▶ **AIM OF THE EXERCISE**: Excluding pictures, give the entries again exactly as they appear.

[Brief descriptive captions]

□ □ □ □ □ □ □

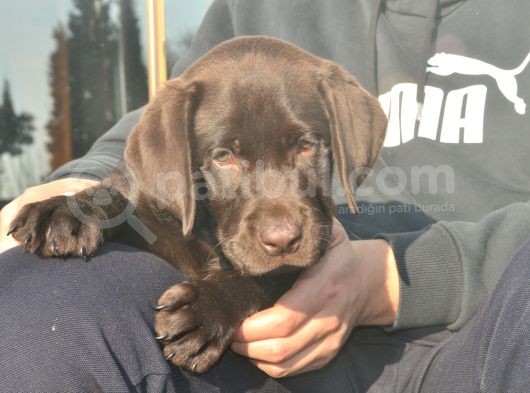 Şecereli Labrador Yavrularımız görsel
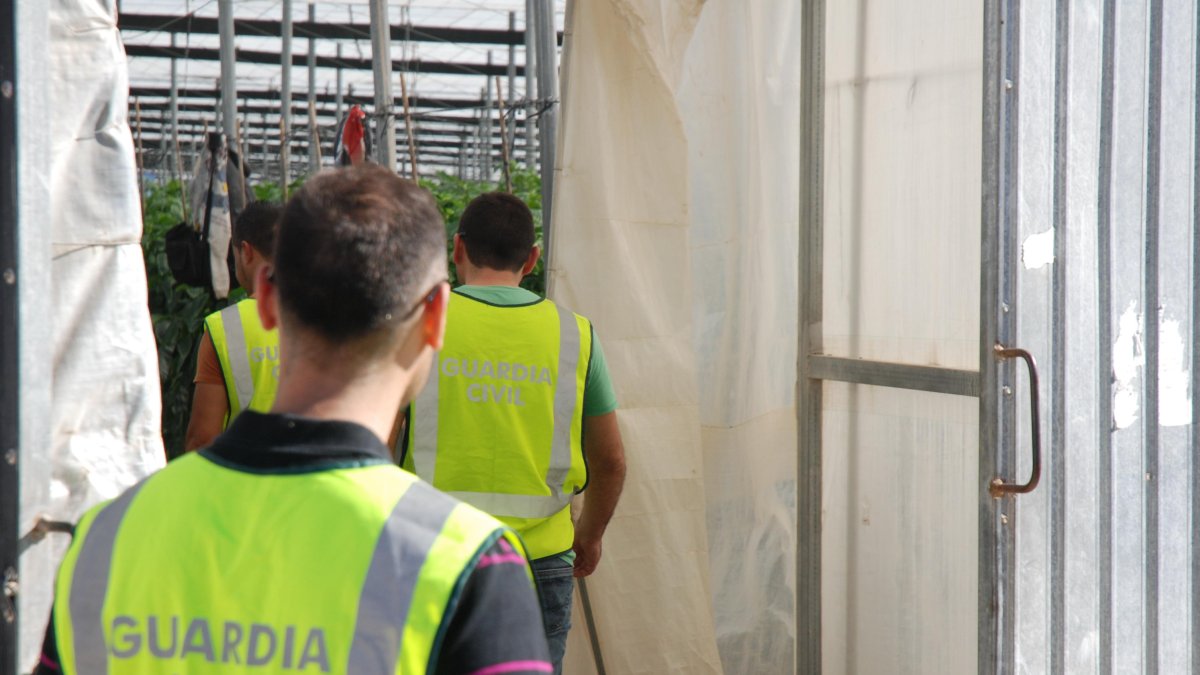 Agentes de la Guardia Civil durante una operación.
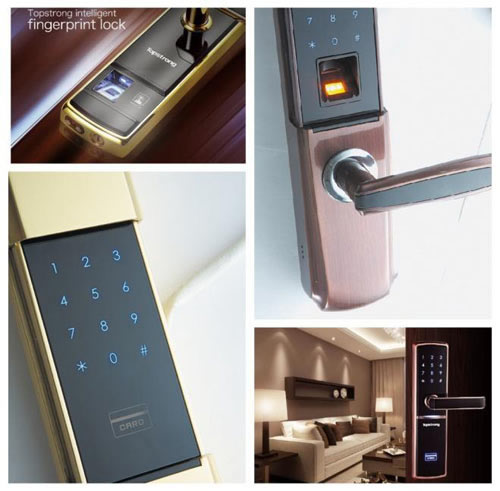 頂固五金榮獲“年度十大智能鎖品牌”稱號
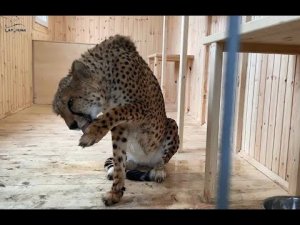 Первый день с гепардом Ичель. Первый контакт. 1-й день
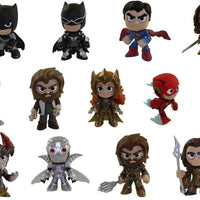Mystery Minis DC Justice League Mystery One Vinyl Figure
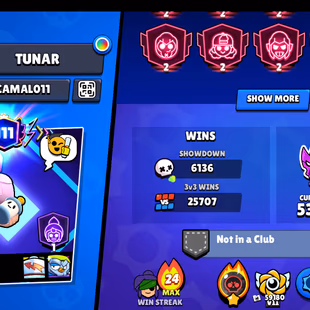 111X PRESTIGE/METEORIC | 123K TROPHY - 425X SKINS | RAREST | 101/101 BRAWLER | 75X MAX | 75X HYPER | 3v3 WINS | BEST DEL - Image 4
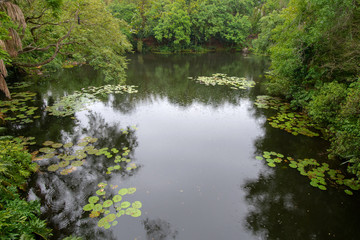 Water lilies in a pond with an exotic environment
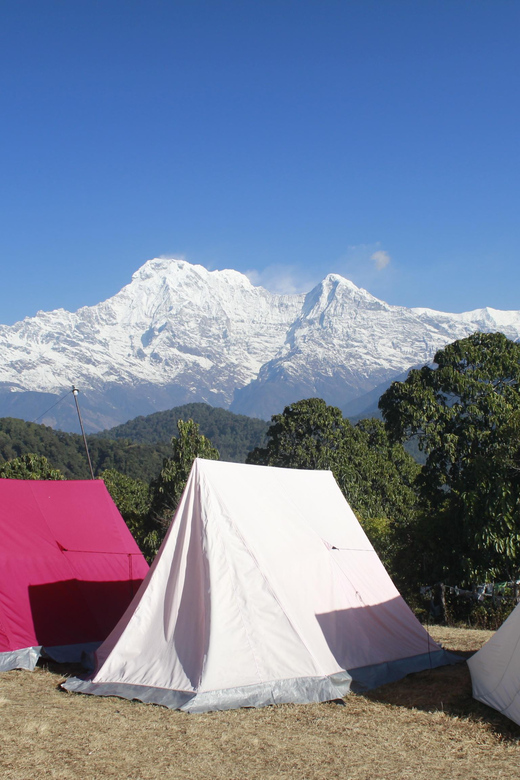 Pokhara: One night camping, campfire stay at Australian camp - Arriving at Australian Camp for the night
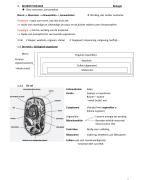 Samenvatting Neurofysiologie - Biologie deel 1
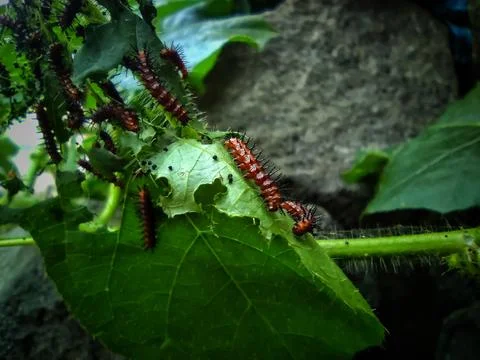 Young caterpillar Stock Photos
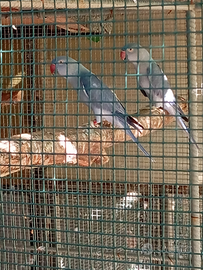 Parrocchetti dal collare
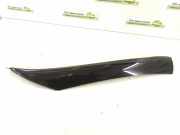 Dachleiste links MERCEDES-BENZ SLK (R171) 350 (171.456) 1716900139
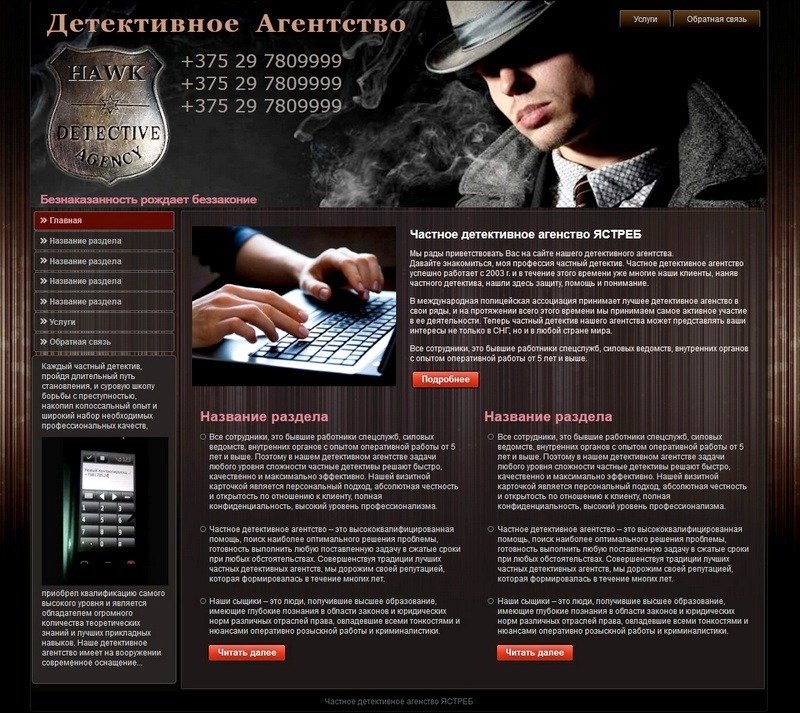 План детектива пример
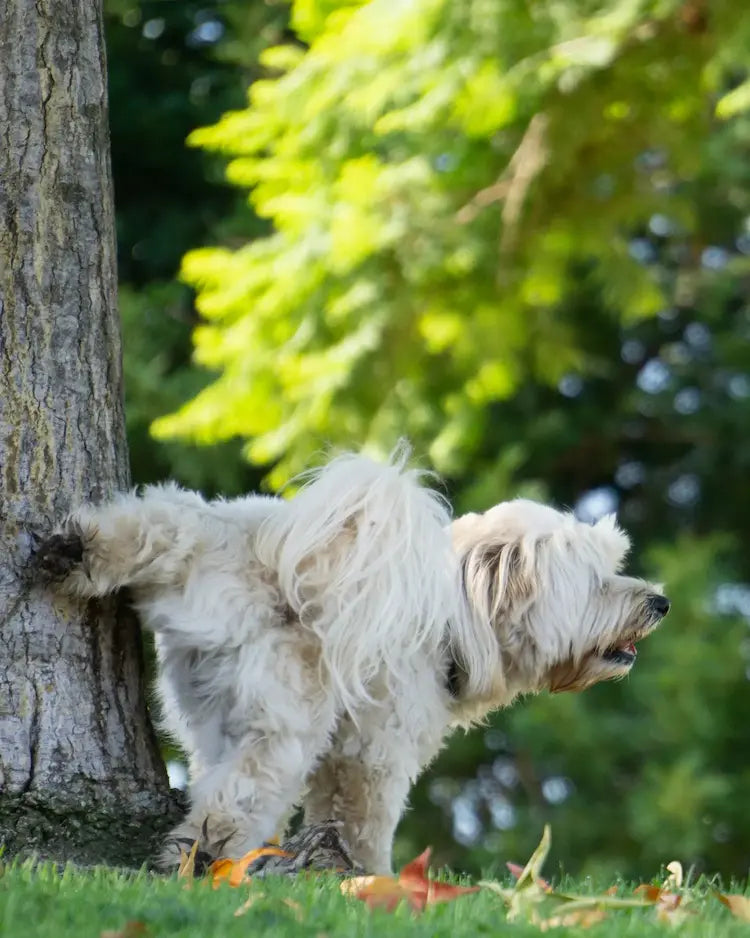 Kleiner weißer Hund hebt draußen im Grünen an einem Baum das Bein zum Urinieren, Hinweis auf Harnverhalten bei Blasenentzündung beim Hund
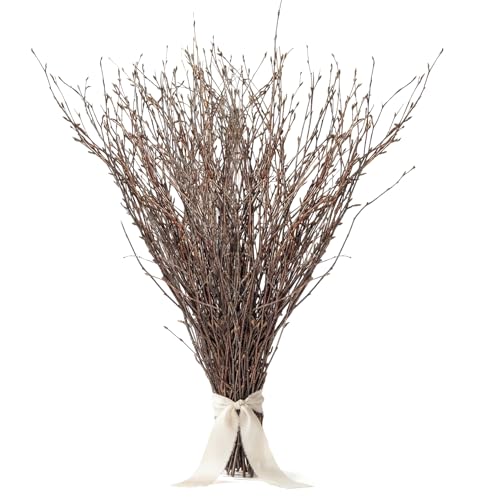 40PCS Natural Birch Twigs 13.8 Inch Dried Birch Branches for Decoration Vases Decorative Twigs and Branches for Vase Natural Plant Branch Decor for Wedding Arrangements Home Decor Wreath Crafts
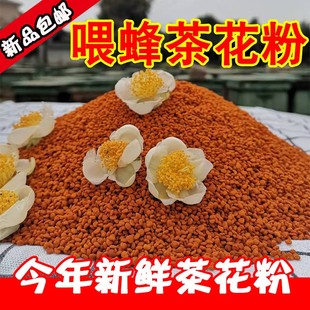 2025新鲜喂蜂茶叶花粉养蜂喂蜂花粉中蜂蜜蜂天然蜂用饲料养蜂专用
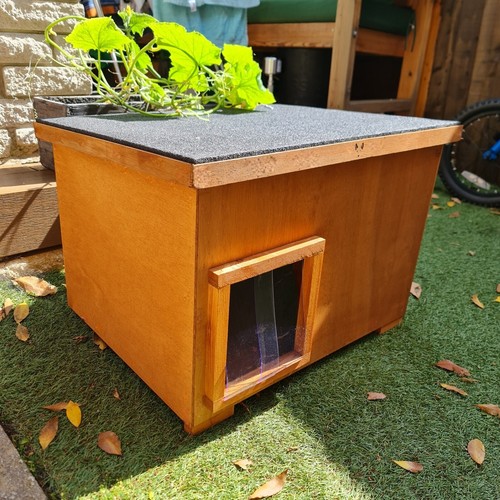 Outdoor insulated cat house - cat,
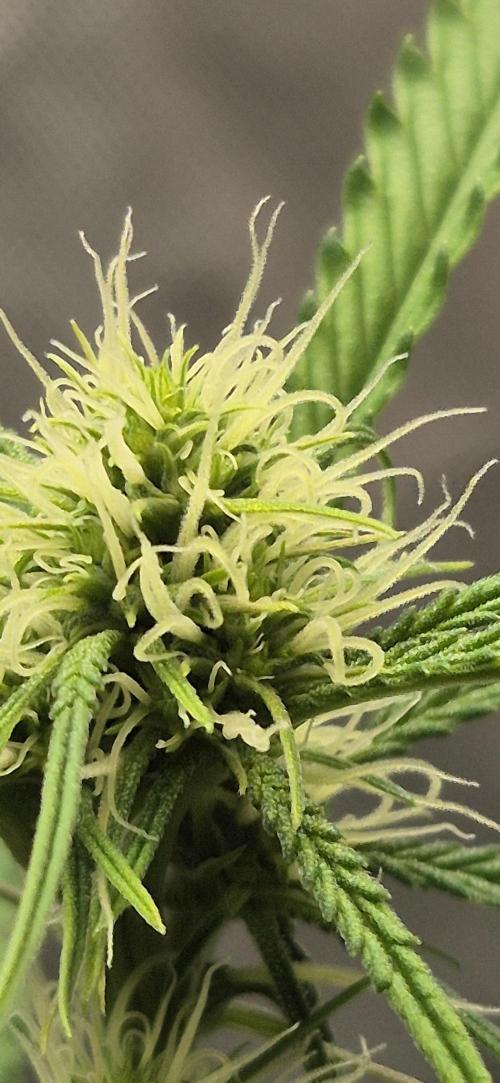 gorilla cookies auto Fast buds. Week 7 - early bud site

□ □ □ □ □ □ □

▶ **WRITTEN REPLY**:
 Şecereli Labrador Yavrularımız görsel
 Agentes de la Guardia Civil durante una operación.
 頂固五金榮獲“年度十大智能鎖品牌”稱號
 Первый день с гепардом Ичель. Первый контакт. 1-й день
Mystery Minis DC Justice League Mystery One Vinyl Figure
 111X PRESTIGE/METEORIC | 123K TROPHY - 425X SKINS | RAREST | 101/101 BRAWLER | 75X MAX | 75X HYPER | 3v3 WINS | BEST DEL - Image 4
 Water lilies in a pond with an exotic environment
 Pokhara: One night camping, campfire stay at Australian camp - Arriving at Australian Camp for the night
 Samenvatting Neurofysiologie - Biologie deel 1
 Young caterpillar Stock Photos
 Parrocchetti dal collare
 Dachleiste links MERCEDES-BENZ SLK (R171) 350 (171.456) 1716900139
 План детектива пример
 Kleiner weißer Hund hebt draußen im Grünen an einem Baum das Bein zum Urinieren, Hinweis auf Harnverhalten bei Blasenentzündung beim Hund
 40PCS Natural Birch Twigs 13.8 Inch Dried Birch Branches for Decoration Vases Decorative Twigs and Branches for Vase Natural Plant Branch Decor for Wedding Arrangements Home Decor Wreath Crafts
 2025新鲜喂蜂茶叶花粉养蜂喂蜂花粉中蜂蜜蜂天然蜂用饲料养蜂专用
 Outdoor insulated cat house - cat,
 gorilla cookies auto Fast buds. Week 7 - early bud site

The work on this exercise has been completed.